*** Raw data Section Begins ***

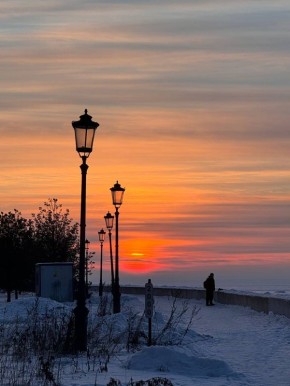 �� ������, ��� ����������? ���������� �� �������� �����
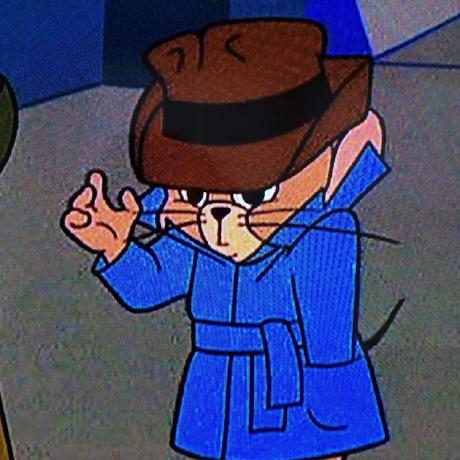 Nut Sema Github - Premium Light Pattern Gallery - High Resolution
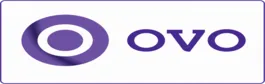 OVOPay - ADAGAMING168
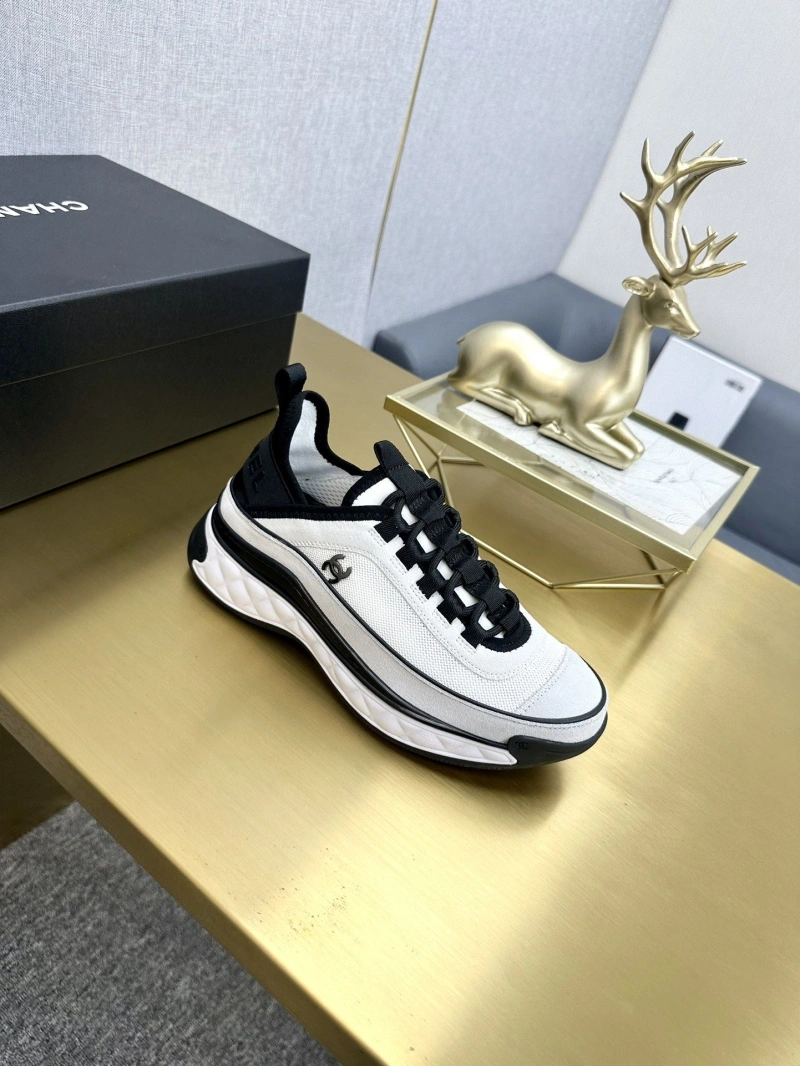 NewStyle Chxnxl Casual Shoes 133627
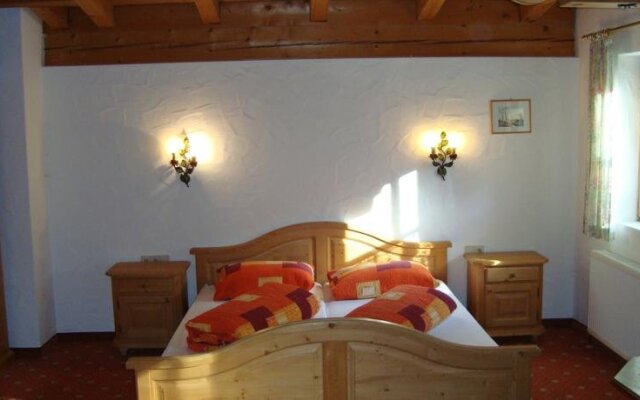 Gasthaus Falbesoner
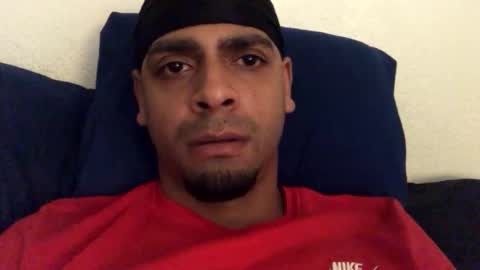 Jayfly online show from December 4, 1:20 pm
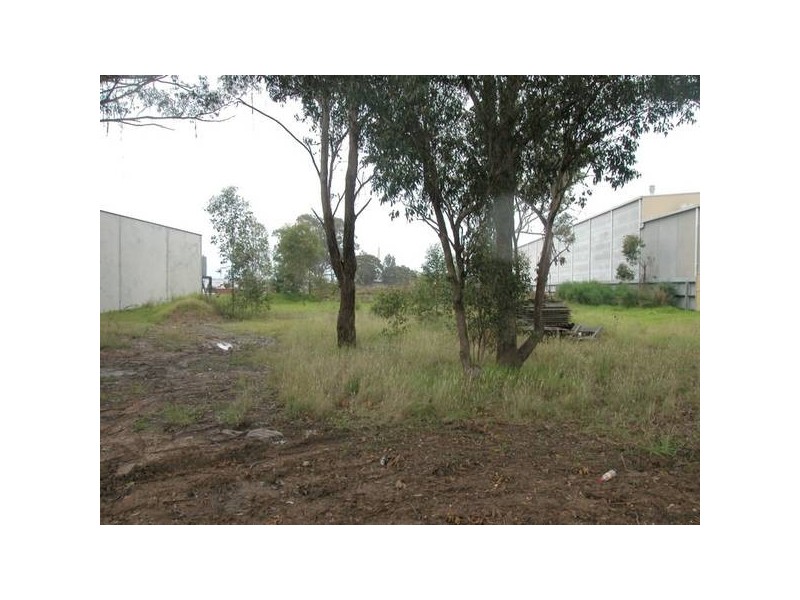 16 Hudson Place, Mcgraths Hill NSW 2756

*** Raw data Section Ends ***

• [Task description]:
Every record must be transcribed faithfully, with no picture carried over.

• [Solution to the problem]:
 �� ������, ��� ����������? ���������� �� �������� �����
 Nut Sema Github - Premium Light Pattern Gallery - High Resolution
 OVOPay - ADAGAMING168
 NewStyle Chxnxl Casual Shoes 133627
 Gasthaus Falbesoner
 Jayfly online show from December 4, 1:20 pm
 16 Hudson Place, Mcgraths Hill NSW 2756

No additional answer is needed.